Since Lam's election, Orange County has become the center of Vietnamese American political power. And this year, Westminster could become the first city in America with a Vietnamese-majority council. It would be a milestone for the small, conservative city transformed by refugees into the thriving business and cultural enclave of Little Saigon.
Today, one-third of Westminster's 96,000 residents are Vietnamese American.
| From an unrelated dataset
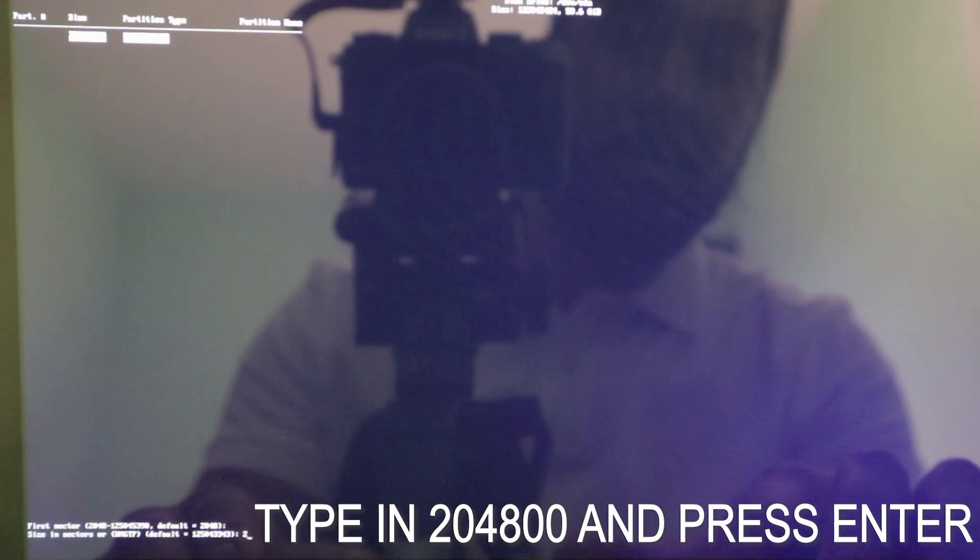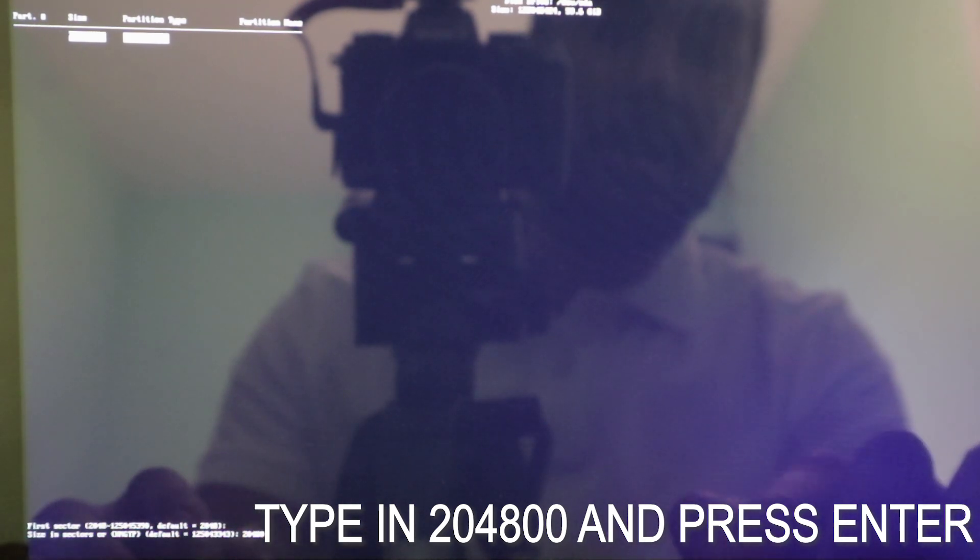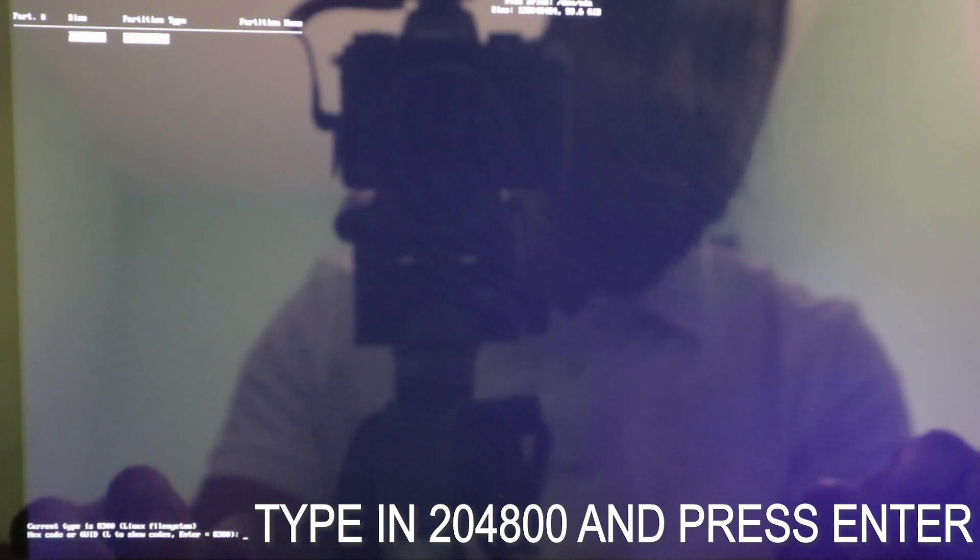And now we're going to make a small partition for the bootloader. We're going to press new here. And here we can press OK. And here we're going to enter 204800. Press enter.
And they make a sizable voting bloc: Nearly 40% of Westminster's registered voters are Vietnamese American, according to a 2006 Asian Pacific American Legal Center study.
The county now has 10 elected Vietnamese American officials, including an assemblyman and a county supervisor.
A handful of others could join their ranks in November, when 13 Vietnamese Americans compete for public office in Orange County in contests that include school boards and city councils, the same number who ran for local office in 2006.
"I think the fact that there are many candidates is quite significant given that Vietnamese Americans have not been here very long," said Linda Vo, chair of the Asian American studies department at UC Irvine. "Vietnamese Americans are, in some ways, still newcomers to the political process."
Vietnamese Americans have made political gains in central Orange County in part because the community continues to grow and non-Vietnamese voters have become more comfortable with Vietnamese candidates, Vo said.
The growing clout of Vietnamese American voters became clear in a 2007 special election when two little-known Vietnamese candidates eclipsed a field of far better-known politicians running for a seat on the Orange County Board of Supervisors. Some political observers saw it as a watershed moment for Orange County, an election that forecast change in a county with a reputation for electing white, wealthy politicians. In June, three Vietnamese candidates campaigned for the same seat.